Osteopath and Director of BodyMatters Clinic, Dr Oliver Thomson PhD, on the benefits of exercising during pregnancy.
Last year I wrote a blog regarding back pain during pregnancy (see the blog here), which busted some myths, addressed some misconceptions and offered some practical advice on how to manage back pain should it occur during pregnancy. This year I thought I’d continue the pregnancy theme and discuss exercise during pregnancy- an area many mums and patients of mine appear unsure and confused about.This blog summarises the current guidance for mums-to-be wishing to exercise during their pregnancy. Needless to say, it isn’t meant as a replacement for the advice provided by your midwife and obstetrician, so please consult your obstetric professional before embarking on an exercise programme.

Why should I exercise during my pregnancy?

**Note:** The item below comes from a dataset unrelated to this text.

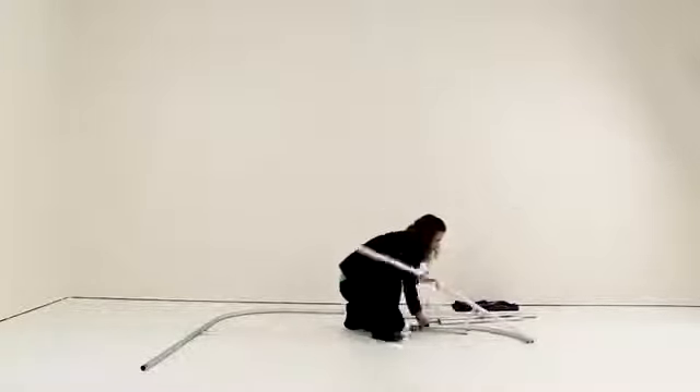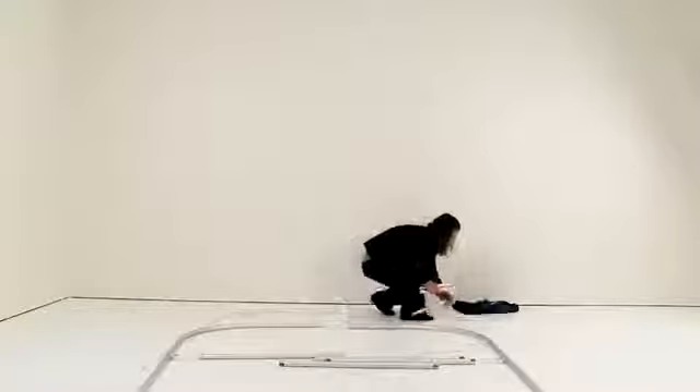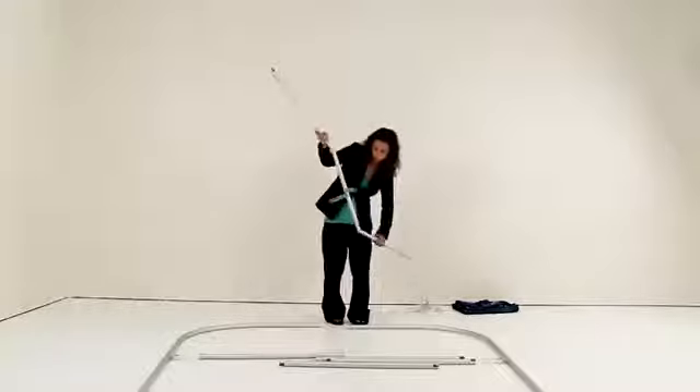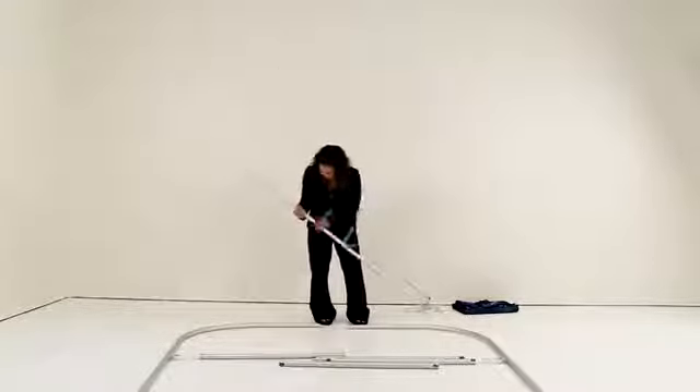Repeat these steps for the other curved shock corded poles. Next, connect the straight shock corded poles together.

There are significant benefits of regular exercise throughout pregnancy, from conception through to delivery (and after). These benefits range from improved sleep, enhanced mood, control of body weight, improved fitness, reduced back pain, preventing gestational diabetes and reducing high blood pressure. With these benefits in mind, the risks of not regularly exercising when pregnant are significant.

Who shouldn’t exercise during pregnancy?

Generally speaking, most mums-to0be should be encouraged to exercise, however for a relatively small number of woman exercise during pregnancy is not advised. For example, if you have a history of premature labour, have pre-eclampsia, multiple pregnancy (e.g. triplets) or other serious cardiovascular respiratory disorders. If you think you might have any of these absolute contraindications then its likely fine for you to continue the usual activities of your daily life, but you should not participate in more strenuous exercise. If you are unsure whether these contraindications apply to you, then you should discuss them with your obstetric professional.

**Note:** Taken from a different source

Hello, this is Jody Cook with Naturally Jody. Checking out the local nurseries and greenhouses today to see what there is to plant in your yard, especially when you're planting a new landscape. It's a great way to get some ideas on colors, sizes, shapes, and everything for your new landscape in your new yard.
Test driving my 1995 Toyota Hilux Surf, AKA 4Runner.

There will be other times when exercise during pregnancy isn’t absolutely contraindicated, may carry excessive risk of harm to mum and baby (e.g. gestational high blood pressure, twin pregnancy after the 28th week, mild/moderate cardiovascular or respiratory disease. Pregnant women with these relative contraindications should discuss the advantages and disadvantages of moderate-to-vigorous intensity physical activity with their obstetric care provider.

What are the recommendations for exercise during pregnancy?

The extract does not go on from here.